The structured binding declaration can be seen on the second line, where r, g and b are the specified names or identifiers, and color_instance is the initializer. r, g and b are bound to 176, 183 and 187 respectively.

On the next line the value of r is assigned to red, so the value of red is 176, however the Clang Static Analyzer was not aware of that prior to this project due to the lack of support for structured bindings. Since the analyzer didn't know what r is, in some cases it falsely reported a warning about assigning an uninitialized value, as it happened in #42387.

Incomplete support for structured bindings in the analyzer was a common source of false positives. The goal of this project was to introduce structured bindings to the analyzer, and reduce the amount of false positive reports while creating new opportunities to catch more bugs.

Approach

There are multiple different ways to declare a structured binding, though from an analysis perspective only 2 of them needs to be treated differently. Binding by value and binding by reference.

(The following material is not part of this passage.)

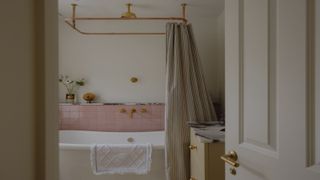 a simple yet pretty bathroom with a freestanding bath shown with pale pink tiles, gold shower fittings and a striped shower curtain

When a binding is created by value, the initializer is first copied, and the identifiers refer to the fields/elements of the copy. In the other case no copy gets created, the identifiers refer to the values inside the original initializer instead.

There are also 3 structured binding syntaxes defined by the standard. Their simplified versions look like this:

auto [identifier-list] = initializer; (1)
auto [identifier-list]{initializer};  (2)
auto [identifier-list](initializer);  (3)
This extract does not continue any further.